Problem requirements ->
Only the lines from the line with "Samurai silhouette under full moon" through the end of the records belong in your reply, copied exactly, with every picture left out.
-- Records for processing follows --
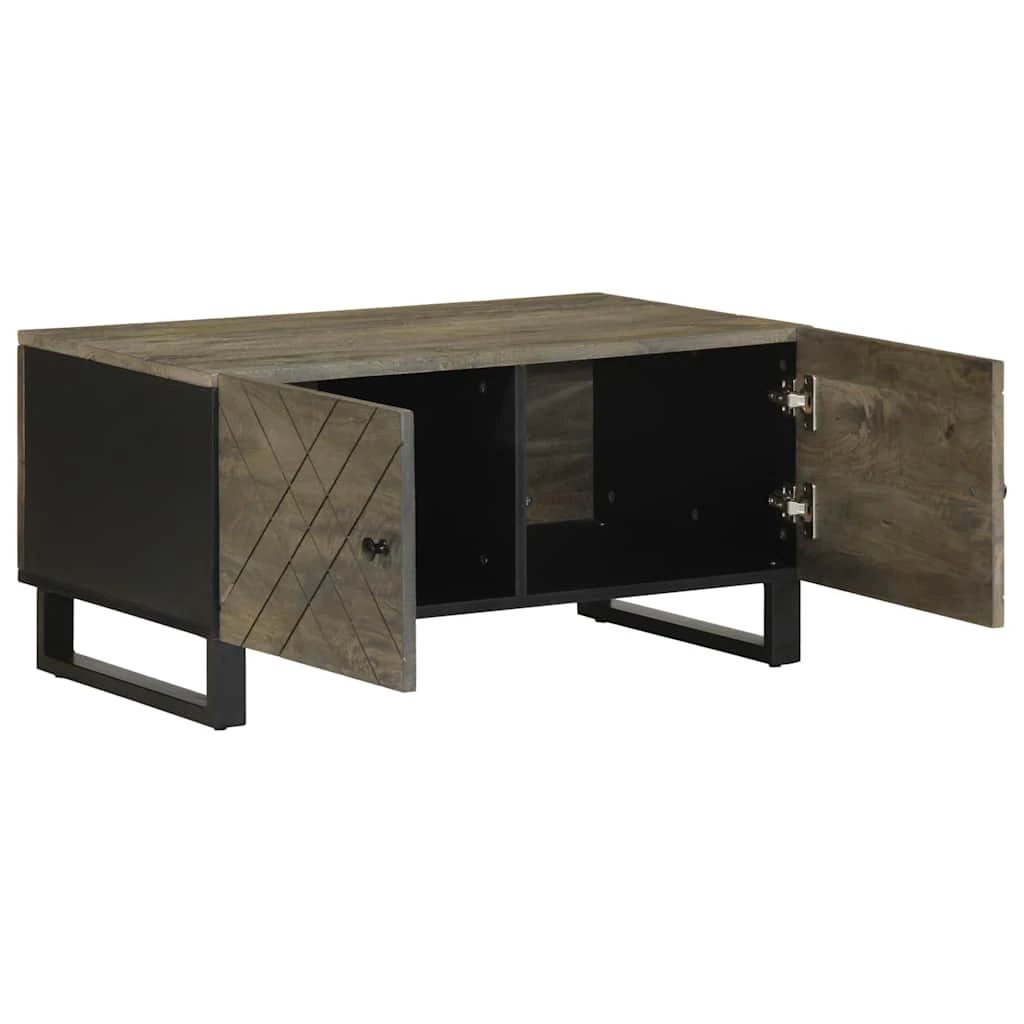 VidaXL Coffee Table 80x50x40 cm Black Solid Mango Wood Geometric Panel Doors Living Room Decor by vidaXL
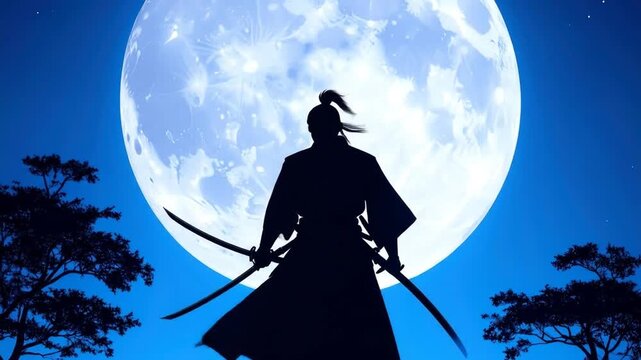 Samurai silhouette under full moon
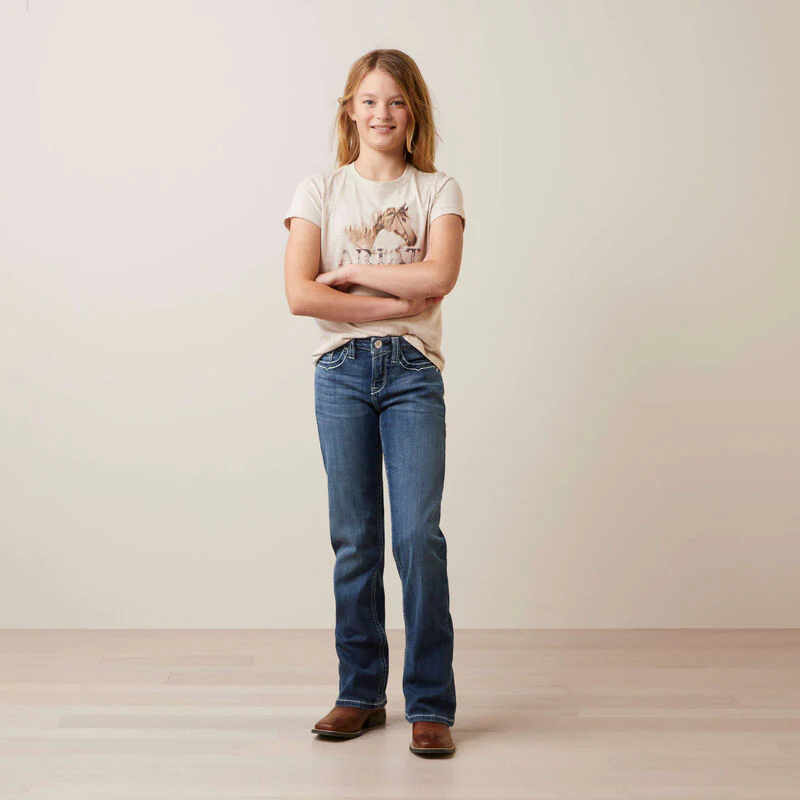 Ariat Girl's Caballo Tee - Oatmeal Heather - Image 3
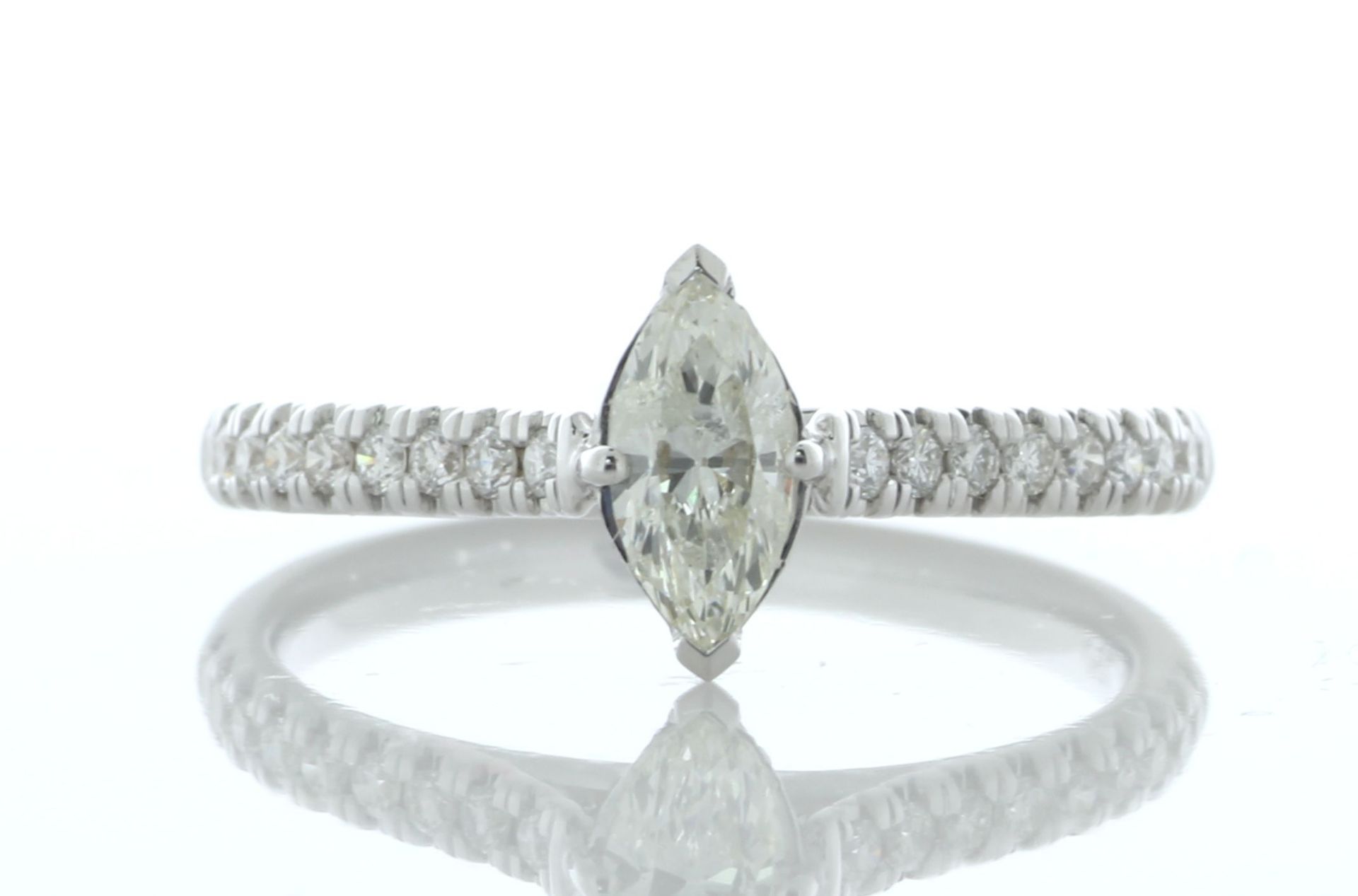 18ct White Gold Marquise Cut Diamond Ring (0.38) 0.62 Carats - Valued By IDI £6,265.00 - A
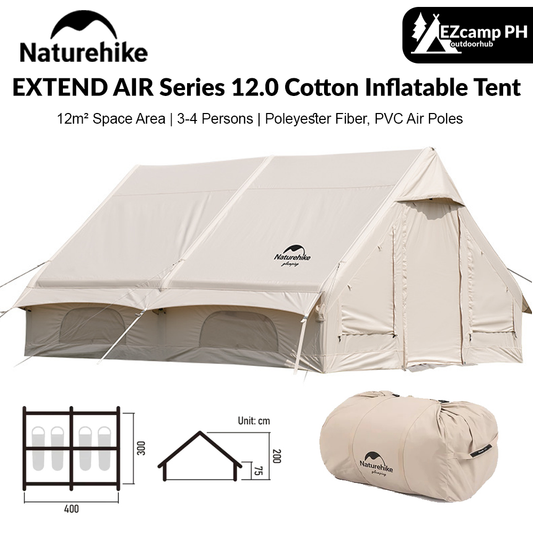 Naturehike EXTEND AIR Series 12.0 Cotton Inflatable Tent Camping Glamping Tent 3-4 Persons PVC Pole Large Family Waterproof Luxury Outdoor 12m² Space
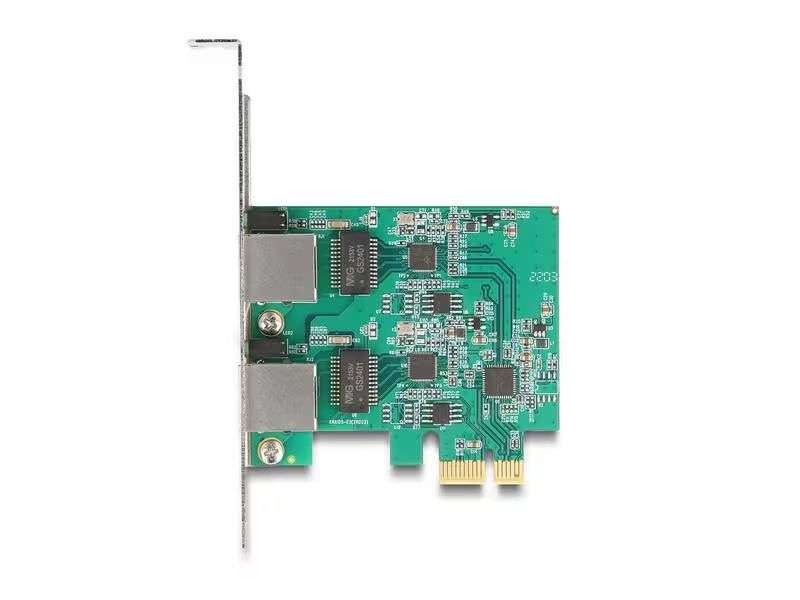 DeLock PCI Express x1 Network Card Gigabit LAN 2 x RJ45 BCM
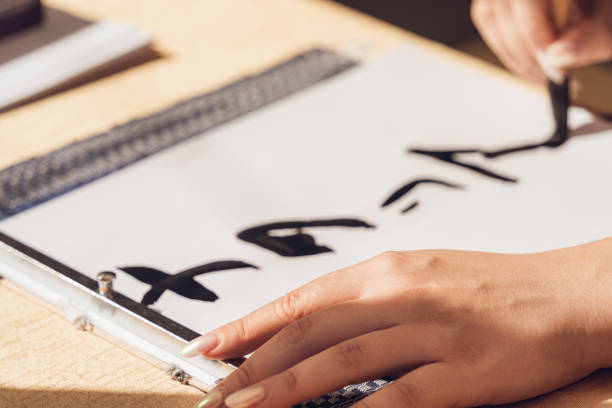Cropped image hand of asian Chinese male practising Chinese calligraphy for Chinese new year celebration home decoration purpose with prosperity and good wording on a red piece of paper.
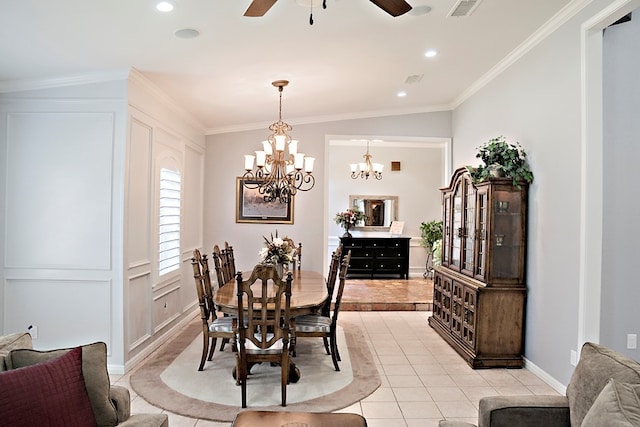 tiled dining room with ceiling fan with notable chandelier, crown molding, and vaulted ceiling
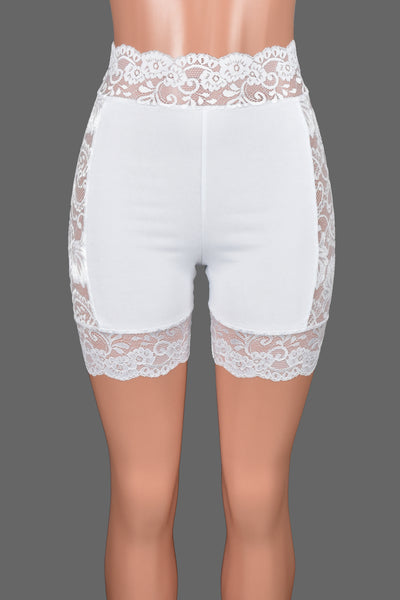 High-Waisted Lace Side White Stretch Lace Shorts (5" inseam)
-- Records for processing concluded --
Exercise response ->
 Samurai silhouette under full moon
 Ariat Girl's Caballo Tee - Oatmeal Heather - Image 3
 18ct White Gold Marquise Cut Diamond Ring (0.38) 0.62 Carats - Valued By IDI £6,265.00 - A
 Naturehike EXTEND AIR Series 12.0 Cotton Inflatable Tent Camping Glamping Tent 3-4 Persons PVC Pole Large Family Waterproof Luxury Outdoor 12m² Space
 DeLock PCI Express x1 Network Card Gigabit LAN 2 x RJ45 BCM
Cropped image hand of asian Chinese male practising Chinese calligraphy for Chinese new year celebration home decoration purpose with prosperity and good wording on a red piece of paper.
 tiled dining room with ceiling fan with notable chandelier, crown molding, and vaulted ceiling
 High-Waisted Lace Side White Stretch Lace Shorts (5" inseam)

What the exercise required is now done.